> what's the best way to take the comma-
> separated tokens in the RAWDATA string below and correctly set their
> datatype? If I do nothing, everything is copied as-is as strings into
> the spreadsheet, which I don't want. The script below produces the
> result I'm looking for, but I wonder if there is a more idiomatic way
> using some built-in methods in xlwt for writing the correct data
> type.
In general, when you /know/ what type of Excel cell you want to write,
it is better to use directly the Row.set_cell_XXXX(col_index, value,
style) methods. Note that sheet.write() calls one of these after a fair
amount of testing to determine which one to call.
The values of XXXX for the 5 basic cell types are: number, text,
boolean, blank, and error.
"number" means float. There is no point in testing your input for int
separately unless you want to format int and float data cells differently.
"date" is NOT a basic type. A date is just a float number of days since
one of two epochs plus a "number format" that will display it as a date.
See the xlrd docs for the gory details. You can write a date cell by
using Row.set_cell_date(colx, a_datetime.datetime_object,
an_appropriate_style).
> #
> import re
> from xlwt import Workbook
from xlwt import Workbook, easyxf
int_style = easyxf('', num_format_str='#,##0')

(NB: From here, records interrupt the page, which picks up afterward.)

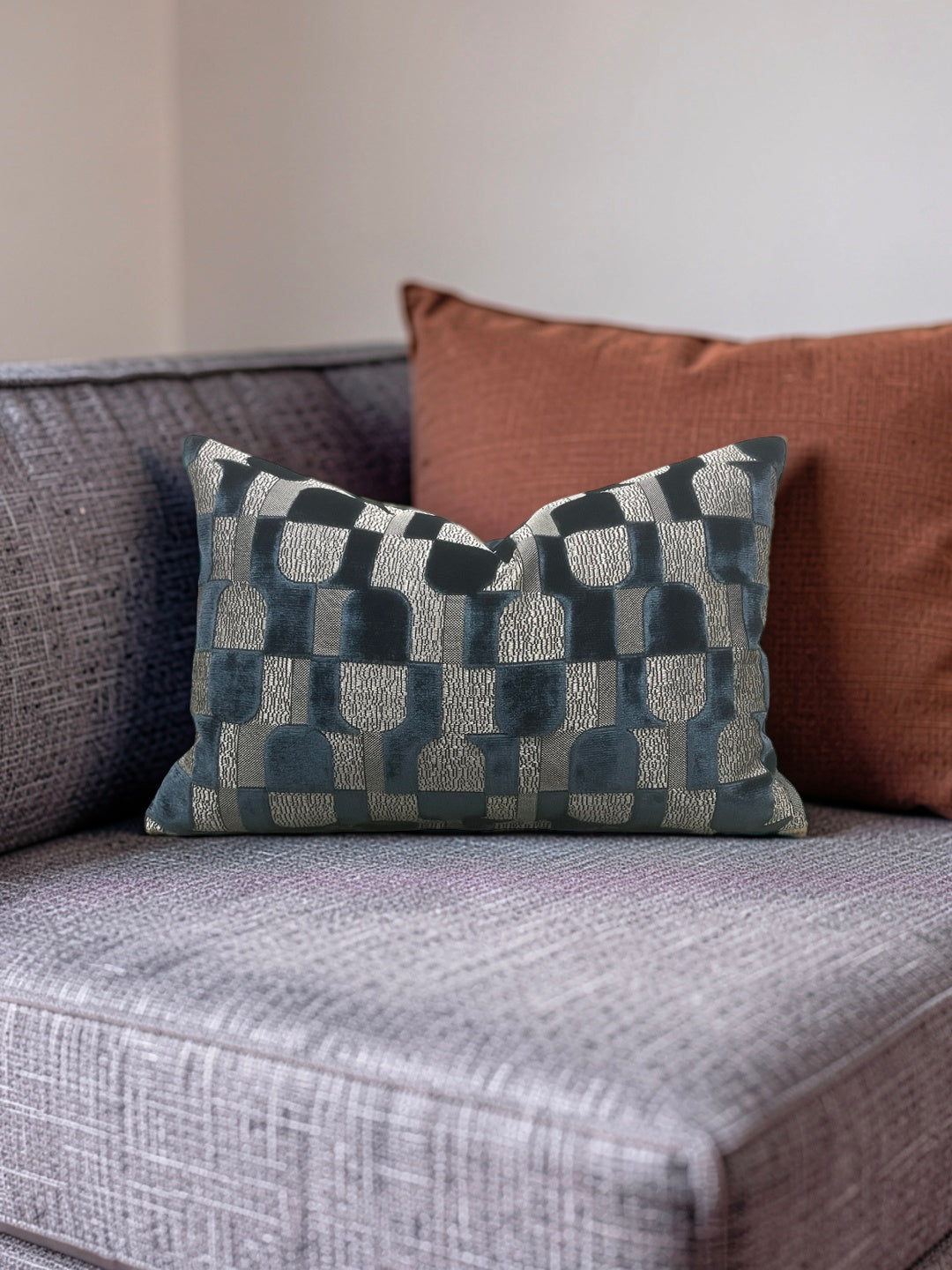 Romo Fabric Lumbar Pillow Jacquard Velvet Arkose Orion 12x18" Knife Edge Cover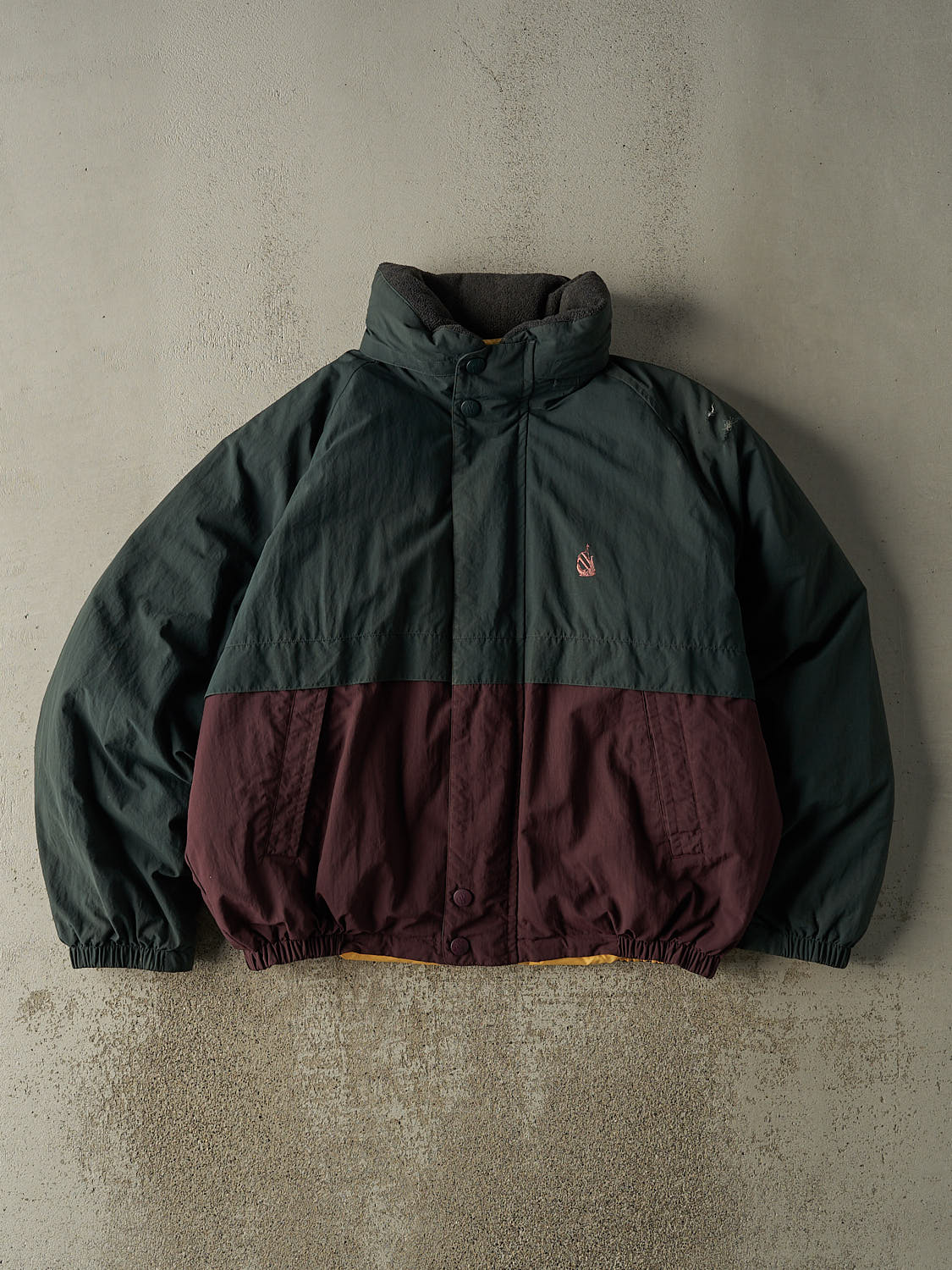 Vintage 90s Green & Burgundy Nautica Embroidered Puffer Jacket (XL)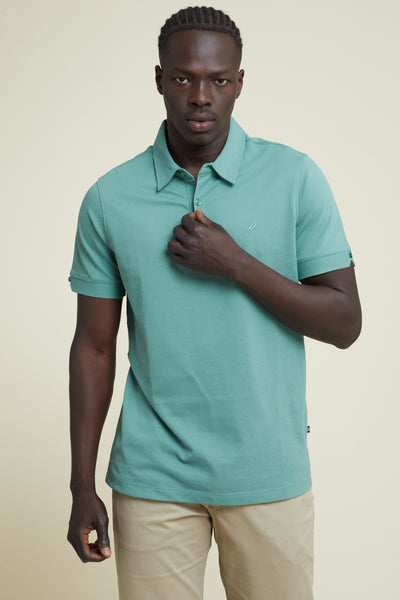 חולצת פולו שרוול קצר בצבע ירוק REGULAR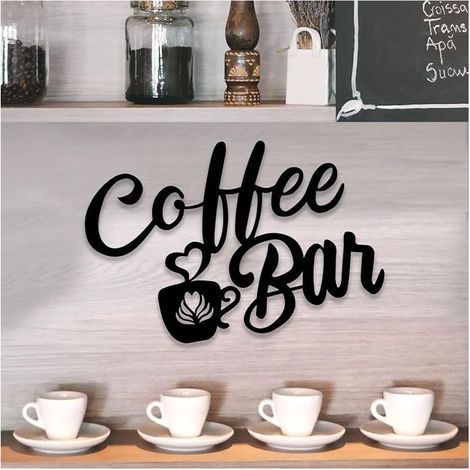 Metal Coffee Sign Wall Decor Wall Hanging Coffee Cup 37x25cm Kitchen Decor for Home Coffee Station Shop (1/5)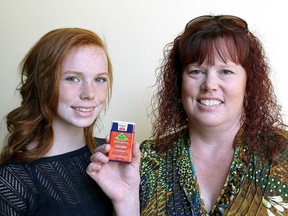 Olivia Servage, 15, left, and her mother, Kelly Armitage, used an auto-injector like the one shown here to save a girl from going into shock after she was stung by a wasp on Sept. 3 at Sandbanks Provincial Park. (Ian MacAlpine/The Whig-Standard)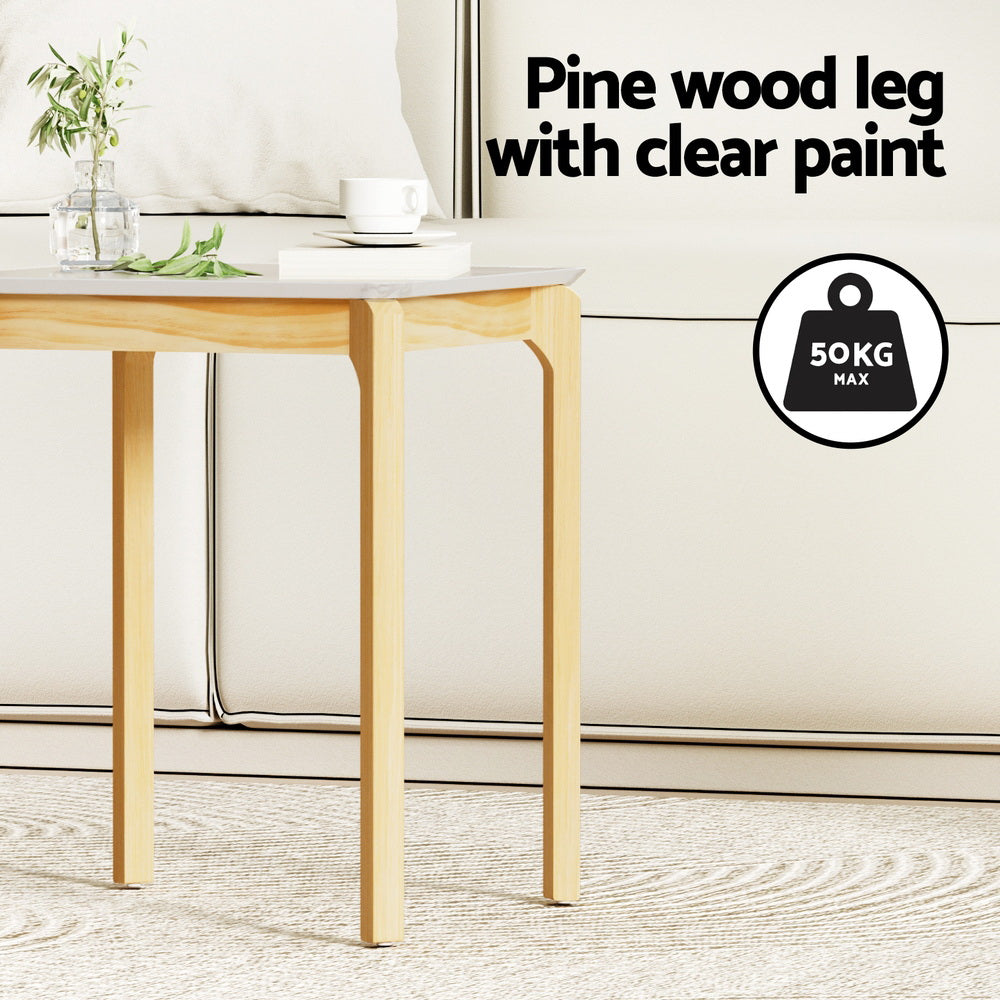 Artiss Coffee Table Marble Effect Square Artiss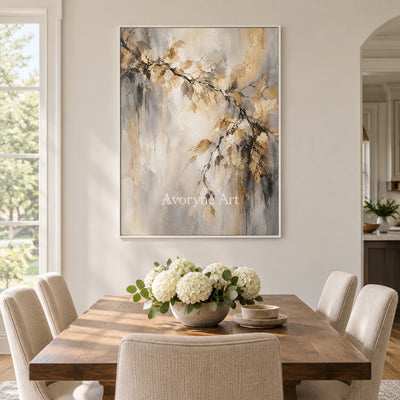 Gilded Bough: Impressionist Gold Botanical Wall Art — dining white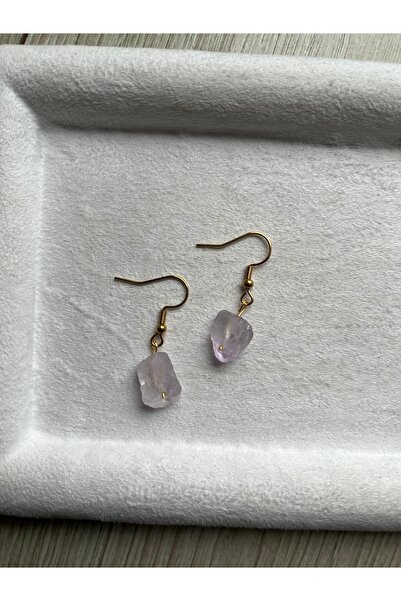 Pel Design Raw Amethyst Stone Gold Color Steel Standard Earrings Handmade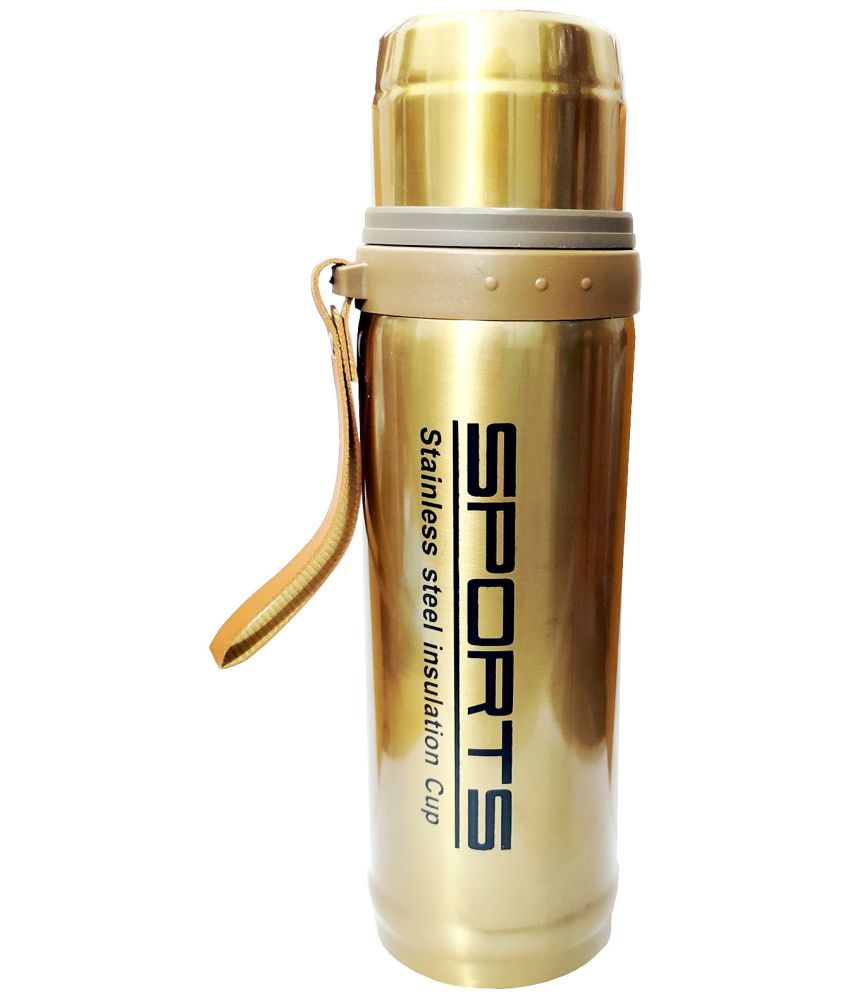     			viDixn Premium Stainless Steel Sport Hot & Cold Water Bottle (750 ML) for School, Office, Home, Gym (800 ML) Water Bottle for Men Leakproof, Rust Free Steel Bottle (Pack of 1) Gold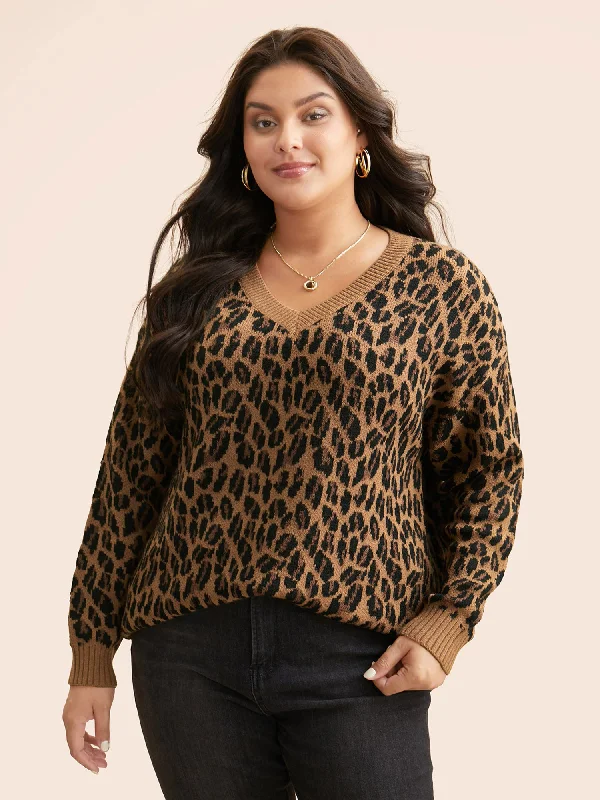 Women's Silk Pullovers Sweater-V Neck Leopard Print Jacquard Pullover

float_style = easyxf('', num_format_str='#,##0.00')
>
> def doworksheet():
> '''Load a worksheet with data'''
> RAWDATA = 'A,1,3 more words,2.34501'
> wb = Workbook()
> ws = wb.add_sheet('Data')
> tokens = RAWDATA.split(',')
Consider using the csv module even when you think you don't need it.
r = ws.row(0)
> for c,data in enumerate(tokens):
> if re.match('^\d+$',data):
Negative numbers?
r.set_cell_number(c, float(data), int_style)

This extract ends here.